## What is expected
In the entries that follow, find each line with the word "Photo" and copy it.

##############################

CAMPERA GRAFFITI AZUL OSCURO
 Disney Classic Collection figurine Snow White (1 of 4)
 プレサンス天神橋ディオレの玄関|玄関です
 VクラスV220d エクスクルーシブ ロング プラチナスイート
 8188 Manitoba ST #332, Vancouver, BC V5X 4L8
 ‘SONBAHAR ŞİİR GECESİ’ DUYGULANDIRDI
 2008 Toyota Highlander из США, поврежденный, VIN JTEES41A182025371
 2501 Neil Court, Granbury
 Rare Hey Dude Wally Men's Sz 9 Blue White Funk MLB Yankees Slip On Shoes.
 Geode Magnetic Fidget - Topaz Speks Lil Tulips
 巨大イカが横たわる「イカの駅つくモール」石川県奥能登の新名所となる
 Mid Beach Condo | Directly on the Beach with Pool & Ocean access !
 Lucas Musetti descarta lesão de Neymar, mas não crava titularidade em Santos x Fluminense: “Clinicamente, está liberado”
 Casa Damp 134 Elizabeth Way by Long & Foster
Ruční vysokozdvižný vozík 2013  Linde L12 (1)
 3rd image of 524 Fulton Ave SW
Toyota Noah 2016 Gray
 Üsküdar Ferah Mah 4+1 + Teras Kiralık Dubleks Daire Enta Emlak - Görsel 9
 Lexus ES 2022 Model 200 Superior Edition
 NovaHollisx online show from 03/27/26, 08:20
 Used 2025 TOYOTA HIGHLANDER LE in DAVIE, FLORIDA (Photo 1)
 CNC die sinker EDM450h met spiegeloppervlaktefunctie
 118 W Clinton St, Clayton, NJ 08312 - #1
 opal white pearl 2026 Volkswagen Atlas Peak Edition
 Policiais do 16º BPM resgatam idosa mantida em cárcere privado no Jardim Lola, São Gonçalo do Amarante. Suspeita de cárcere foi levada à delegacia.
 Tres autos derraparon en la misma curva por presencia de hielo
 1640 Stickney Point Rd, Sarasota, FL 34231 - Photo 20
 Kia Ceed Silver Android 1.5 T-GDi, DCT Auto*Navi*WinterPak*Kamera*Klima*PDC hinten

##############################

## Output of the exercise
 Used 2025 TOYOTA HIGHLANDER LE in DAVIE, FLORIDA (Photo 1)
 1640 Stickney Point Rd, Sarasota, FL 34231 - Photo 20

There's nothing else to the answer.